D’autant que si ce changement rend plus ‘intéressant’ le travail, cet intérêt renouvelé s’accompagne d’une contrepartie que les auxiliaires ont formulé timidement mais néanmoins à plusieurs reprises : en devenant plus intéressant, le travail devient aussi plus ‘stressant’. On se pose davantage de questions sur son rapport aux enfants, aux parents [...] Un plus grand investissement au travail semble s’accompagner de stress, d’où des remarques, pas toujours des plus agréables parfois, du mari et/ou des proches. Malgré cela, mais aussi dès que l’on tient compte des dimensions collectives caractéristiques de l’univers du travail des auxiliaires, il est étonnant de constater la rapidité avec laquelle les personnes ont décidé de transformer leurs pratiques dès qu’elles ont pris conscience des modifications nécessaires à y apporter. Or, comme nous avons pu le constater depuis que nous intervenons dans plusieurs établissements, des catégories de professionnels en contact direct avec les enfants et qui ont eu une formation assez limitée aux pratiques éducatives, comme les auxiliaires de puériculture ou les Aides Médico-Psychologiques (AMP), sont en fait très motivées dès qu’on leur propose un travail réflexif sur les pratiques éducatives, et encore plus, si à l’occasion de séquences de formation intra-institutionnelle, il s’agit de réfléchir aux transformations possibles à mettre en œuvre au niveau de leurs propres pratiques. (Fablet, 2004, pp. 182-183)
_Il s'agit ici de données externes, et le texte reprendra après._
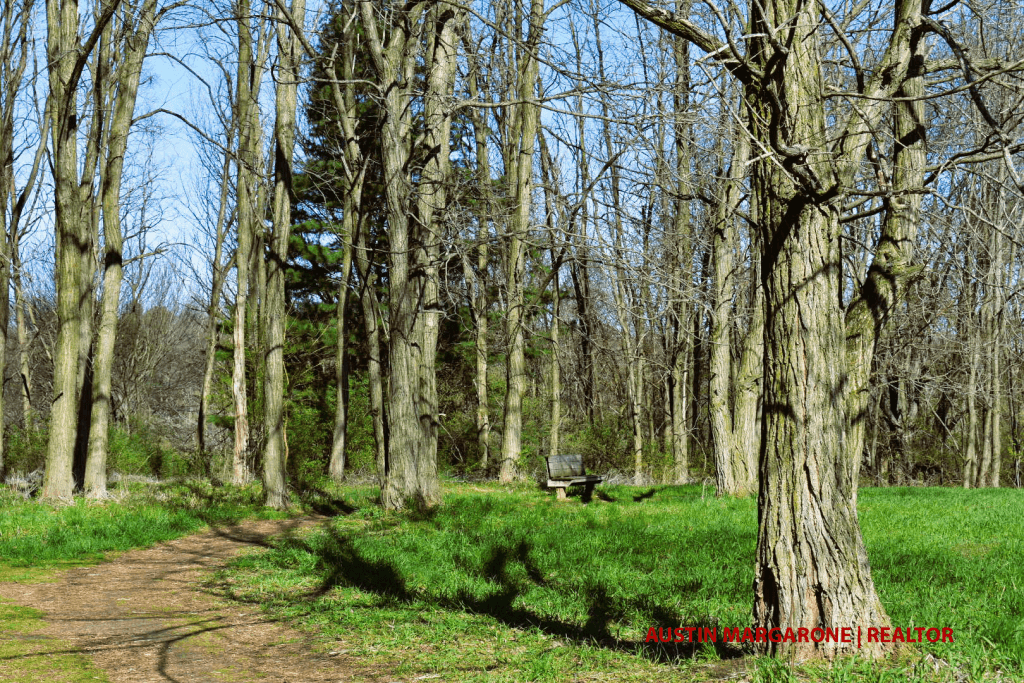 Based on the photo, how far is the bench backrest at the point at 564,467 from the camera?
41.7ft

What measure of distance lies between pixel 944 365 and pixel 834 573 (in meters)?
23.7

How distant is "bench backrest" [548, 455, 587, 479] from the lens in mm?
12695

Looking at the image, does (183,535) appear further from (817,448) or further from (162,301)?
(162,301)

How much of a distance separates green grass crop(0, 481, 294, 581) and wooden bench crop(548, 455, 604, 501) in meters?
4.37

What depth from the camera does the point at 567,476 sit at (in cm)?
1273

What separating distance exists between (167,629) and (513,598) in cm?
257

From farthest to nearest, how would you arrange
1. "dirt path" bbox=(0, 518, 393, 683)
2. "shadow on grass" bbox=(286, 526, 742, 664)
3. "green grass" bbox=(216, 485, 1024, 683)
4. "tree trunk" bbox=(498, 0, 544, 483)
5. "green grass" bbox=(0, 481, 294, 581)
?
"tree trunk" bbox=(498, 0, 544, 483) → "green grass" bbox=(0, 481, 294, 581) → "shadow on grass" bbox=(286, 526, 742, 664) → "dirt path" bbox=(0, 518, 393, 683) → "green grass" bbox=(216, 485, 1024, 683)

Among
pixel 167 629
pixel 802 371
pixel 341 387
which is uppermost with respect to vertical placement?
pixel 341 387

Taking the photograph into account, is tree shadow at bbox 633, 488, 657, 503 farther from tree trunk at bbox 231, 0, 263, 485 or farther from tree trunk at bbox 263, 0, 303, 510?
tree trunk at bbox 231, 0, 263, 485

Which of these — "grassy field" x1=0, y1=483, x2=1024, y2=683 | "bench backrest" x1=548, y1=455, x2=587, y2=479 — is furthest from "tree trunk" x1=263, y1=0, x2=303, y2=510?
"bench backrest" x1=548, y1=455, x2=587, y2=479

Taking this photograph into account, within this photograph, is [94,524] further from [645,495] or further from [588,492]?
[645,495]

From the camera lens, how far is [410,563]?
7164 mm

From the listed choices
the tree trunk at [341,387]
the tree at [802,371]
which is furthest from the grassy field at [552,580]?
the tree trunk at [341,387]

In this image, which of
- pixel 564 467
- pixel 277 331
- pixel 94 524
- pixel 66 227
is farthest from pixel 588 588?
pixel 66 227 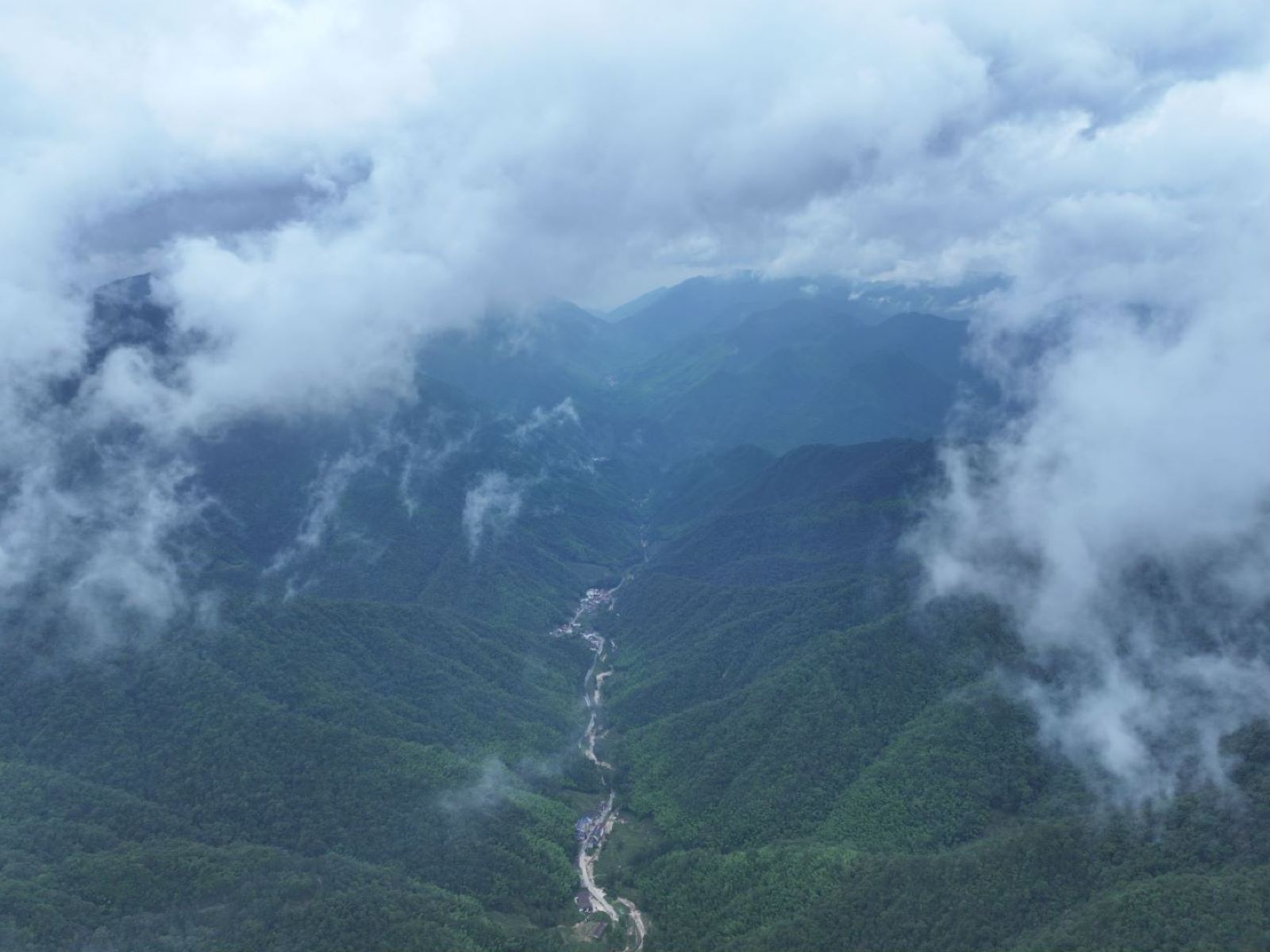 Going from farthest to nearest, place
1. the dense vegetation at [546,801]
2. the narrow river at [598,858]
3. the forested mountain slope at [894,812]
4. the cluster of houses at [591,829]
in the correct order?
the cluster of houses at [591,829] < the narrow river at [598,858] < the dense vegetation at [546,801] < the forested mountain slope at [894,812]

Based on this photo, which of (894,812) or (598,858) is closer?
(894,812)

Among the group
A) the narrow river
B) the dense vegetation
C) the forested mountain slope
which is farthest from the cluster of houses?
the forested mountain slope

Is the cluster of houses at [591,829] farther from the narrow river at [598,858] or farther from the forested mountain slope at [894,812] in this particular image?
the forested mountain slope at [894,812]

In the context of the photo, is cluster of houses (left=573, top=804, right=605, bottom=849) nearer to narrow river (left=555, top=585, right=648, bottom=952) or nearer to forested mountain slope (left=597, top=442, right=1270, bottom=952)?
narrow river (left=555, top=585, right=648, bottom=952)

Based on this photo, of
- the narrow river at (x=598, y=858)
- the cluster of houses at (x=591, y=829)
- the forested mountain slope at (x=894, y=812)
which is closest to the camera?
the forested mountain slope at (x=894, y=812)

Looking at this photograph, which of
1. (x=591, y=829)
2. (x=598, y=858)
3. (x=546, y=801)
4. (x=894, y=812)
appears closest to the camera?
(x=894, y=812)

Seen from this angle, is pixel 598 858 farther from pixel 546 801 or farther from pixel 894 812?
pixel 894 812

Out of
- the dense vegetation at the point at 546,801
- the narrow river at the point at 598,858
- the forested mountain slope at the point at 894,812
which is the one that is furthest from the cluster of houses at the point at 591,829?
the forested mountain slope at the point at 894,812

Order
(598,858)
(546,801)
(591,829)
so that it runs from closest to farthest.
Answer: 1. (598,858)
2. (591,829)
3. (546,801)

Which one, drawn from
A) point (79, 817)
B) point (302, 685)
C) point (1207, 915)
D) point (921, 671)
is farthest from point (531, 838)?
point (1207, 915)

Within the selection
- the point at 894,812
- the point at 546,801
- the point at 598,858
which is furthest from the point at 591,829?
the point at 894,812

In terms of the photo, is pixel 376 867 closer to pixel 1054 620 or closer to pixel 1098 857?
pixel 1098 857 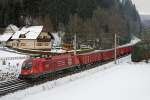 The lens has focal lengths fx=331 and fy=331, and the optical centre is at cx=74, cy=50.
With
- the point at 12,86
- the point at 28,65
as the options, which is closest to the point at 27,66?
the point at 28,65

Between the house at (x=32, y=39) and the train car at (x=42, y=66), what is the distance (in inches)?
1414

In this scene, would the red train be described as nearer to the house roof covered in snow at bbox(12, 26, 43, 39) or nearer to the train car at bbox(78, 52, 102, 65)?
the train car at bbox(78, 52, 102, 65)

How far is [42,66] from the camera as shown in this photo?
114 ft

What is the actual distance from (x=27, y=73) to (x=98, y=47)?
59.6 metres

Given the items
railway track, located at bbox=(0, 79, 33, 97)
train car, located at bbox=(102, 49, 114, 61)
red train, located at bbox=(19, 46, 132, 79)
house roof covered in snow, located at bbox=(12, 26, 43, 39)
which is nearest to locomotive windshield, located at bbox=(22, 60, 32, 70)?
red train, located at bbox=(19, 46, 132, 79)

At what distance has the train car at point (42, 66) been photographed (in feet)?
109

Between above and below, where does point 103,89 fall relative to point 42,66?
below

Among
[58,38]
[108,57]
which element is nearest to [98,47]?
[58,38]

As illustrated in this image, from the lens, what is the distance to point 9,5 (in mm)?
96812

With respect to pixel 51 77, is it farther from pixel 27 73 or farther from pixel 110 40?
pixel 110 40

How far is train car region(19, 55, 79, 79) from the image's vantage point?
109ft

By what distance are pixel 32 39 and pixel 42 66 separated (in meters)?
42.2

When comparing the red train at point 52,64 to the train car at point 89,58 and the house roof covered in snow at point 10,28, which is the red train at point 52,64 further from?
the house roof covered in snow at point 10,28

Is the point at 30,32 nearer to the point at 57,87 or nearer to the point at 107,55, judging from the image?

Les conditions de la prise en charge des enfants se sont améliorées. De même, les conditions de travail des professionnelles ont connu une nette amélioration avec l’introduction, en Ville de Genève, d’une Convention collective en 1992. La durée hebdomadaire d’un plein temps a été réduite à 39 heures, les vacances pour le personnel éducatif travaillant en crèche s’élèvent à

7 semaines, ce qui permet à beaucoup d’éducatrices de travailler à temps partiel.

Pourtant, des plaintes fréquentes continuent à surgir concernant un état de fatigue. Fatigue « insolite peut-être, parce qu’elle ne correspond pas à un effort trop intense des organes, mais à une répression de l’activité spontanée de ces organes (moteurs et sensoriels). [...] La fatigue peut aussi trouver son origine dans l’inactivité. Inactivité fatigante parce qu’elle n’est pas une simple mise au repos, mais au contraire une répression-inhibition de l’activité spontanée. (Dejours, 2000, p. 162).

L’amélioration des conditions de travail, si bénéfique soit-elle, ne peut pas enlever la charge psychique importante du métier d’éducatrice.